Clustered and non-clustered indexes are both essential tools in optimizing database queries, but they serve different purposes and function in distinct ways. A clustered index dictates the physical order of data in a table. This means that the rows are stored on disk in the order of the indexed column(s). Each table can have only one clustered index because there can only be one way to sort the data physically. An example of a clustered index is a primary key; when a primary key is set on a table, it automatically creates a clustered index if no other clustered index exists.

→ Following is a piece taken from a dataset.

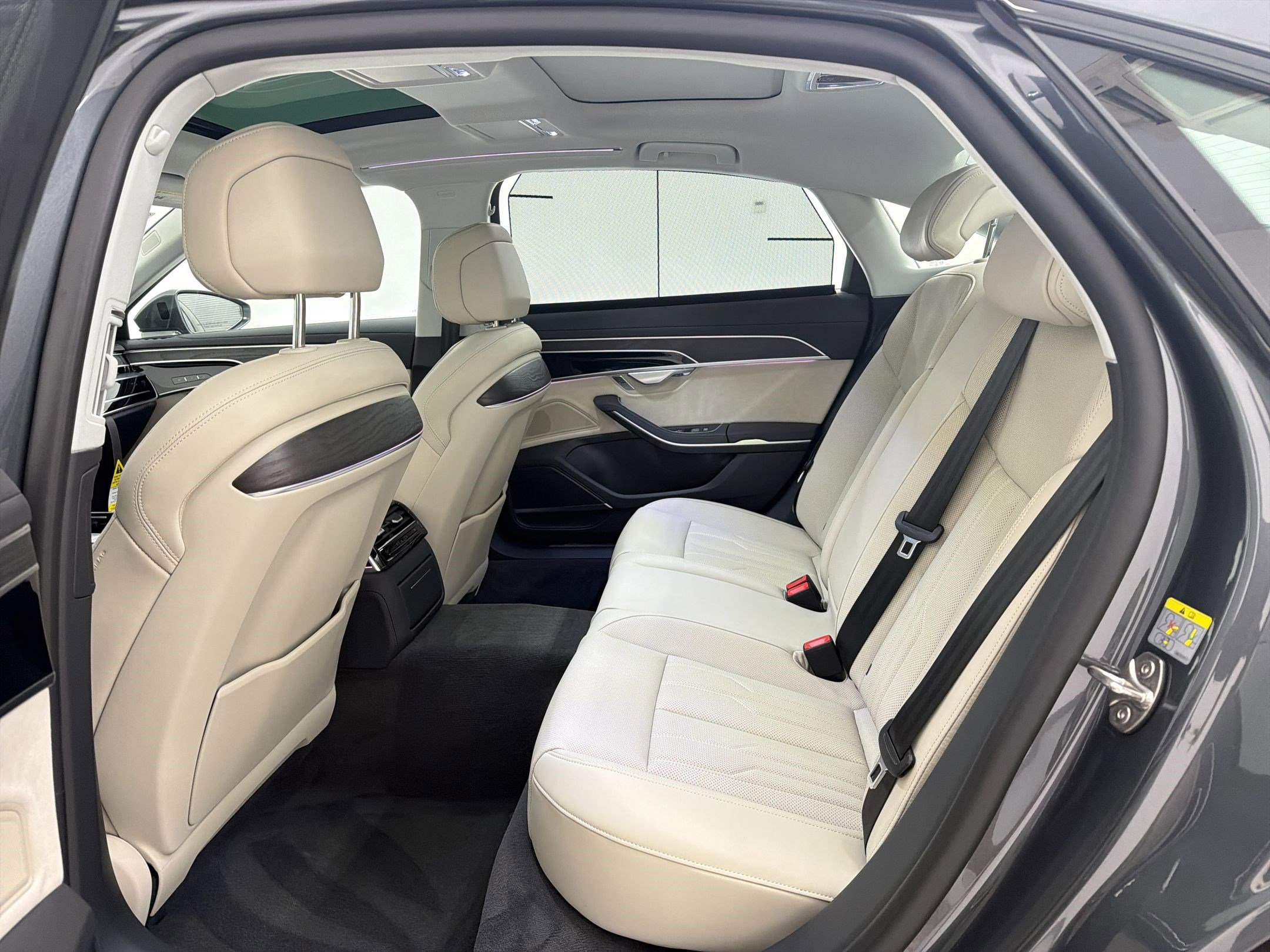 New 2026 Audi A8 L 3.0T image 13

On the other hand, a non-clustered index creates a separate structure that points back to the original data. This means that the data in a table does not need to be stored in the same order as the indexed columns. A non-clustered index contains a copy of the indexed columns and a pointer to the location of the corresponding rows in the data table. A table can have multiple non-clustered indexes, allowing for various fields to be indexed for faster searches. For instance, if a table contains user data, you might have a clustered index on the user ID (to ensure that the data is stored by user ID) and non-clustered indexes on fields like email and last name for quicker access to searches based on those attributes.
In summary, the key difference between clustered and non-clustered indexes is in how they organize and store data. Clustered indexes arrange the data physically in the table based on the indexed column, making them efficient for range queries, where the order matters. Non-clustered indexes, however, maintain a separate structure that can be used to quickly look up values without altering the physical storage of the main table. In practice, a well-designed indexing strategy that combines both types can significantly improve query performance and reduce response times in applications.